April 1, 2015

Here is the new website for the Texas General Land Office. I struggle to find the right words.

March 31, 2015

We have paint. See the pretty woodwork?

March 30, 2015

When we were in the Big Bend we saw a lot less of the Border Patrol than usual. I don't recall seeing one of their vehicles parked at any of the usual observation points. I'm sure that they haven't withdrawn—there are more agents down there than ever before—but they must have changed tactics.

I can report that the Polvo crossing has disappeared. You used to be able to walk or drive across the river there, down below Redford. Now they've closed the dirt road to the river and brought the fences from the flanking properties to meet each other. A newcomer would never guess that the river is back behind those two little houses. That crossing was in use for something like a couple of thousand years; it was the site of the ancient native village of Tapacolmes. Now it's gone. Here's what it looked like in 2002:

March 30, 2015

There was a guy on a riding mower in the drive-through line at Starbucks this morning.

March 27, 2015

Earlier I was musing about the need for 33-inch tires for Jeeping off-road. Then I checked the specs on my Jeep. It already has 32-inch tires. Surprise!

I think one consideration in going to 33 or larger is the footprint—the width of the tire. Mine are 10 inches, which is pretty big. Then there's the matter of sidewall strength. That's a big deal, because sidewall cuts are a common problem, often caused by idiots driving fast through sharp rocks. My tires are tough, but they're not monster tough. Another big issue is tread pattern—mine are not aggressive in that department, which keeps them from being noisy. A six-hour drive to West Texas on knobby tires? Spare me.

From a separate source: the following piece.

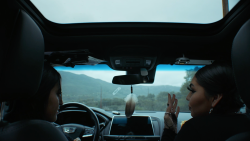 Two women speaking in the front seat of a car with a mountain range outside of their front window.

There's this off-road experience known as the Rubicon Trail. It's in California. You can look it up. Fans of the trail promote it as the most difficult off-road trail on the planet. Those particular fans have never tried to Jeep up the face of the Grand Teton.

Anyway, so. The people who organize the Big Classic Important Rubicon Trail Run require tires no smaller than 33 inches and no larger than 35 inches. I don't know whether they would look the other way for my 32-inch guys. Probably not. It's a status thing. The reason they won't let you get larger than 35 is that big balloon tires are for mud, not rocks, and they bounce, especially if you're stupid enough to run them at full pressure and/or stupid enough to go too fast. When you're rock climbing, one bounce and you're upside down.

March 27, 2015

Sipping a cold beer on the front porch of the Terlingua Trading Company, Jeanne formed this opinion: "These people aren't quite right." She noted the continuing presence of mercury contamination from the old Cinnabar mines.

March 27, 2015

I found the back roads of Big Bend National Park to be more tame than I expected. At worst a 5, sometimes a 2. (The picture is a 10.) That should be treated as no more than a data point, because the condition of back roads can vary substantially from trip to trip. In our case the roads had been flooded and rutted by spring rains but weren't terrible. I didn't see any evidence of recent repairs or maintenance, but the Park Service might have smoothed things out here and there.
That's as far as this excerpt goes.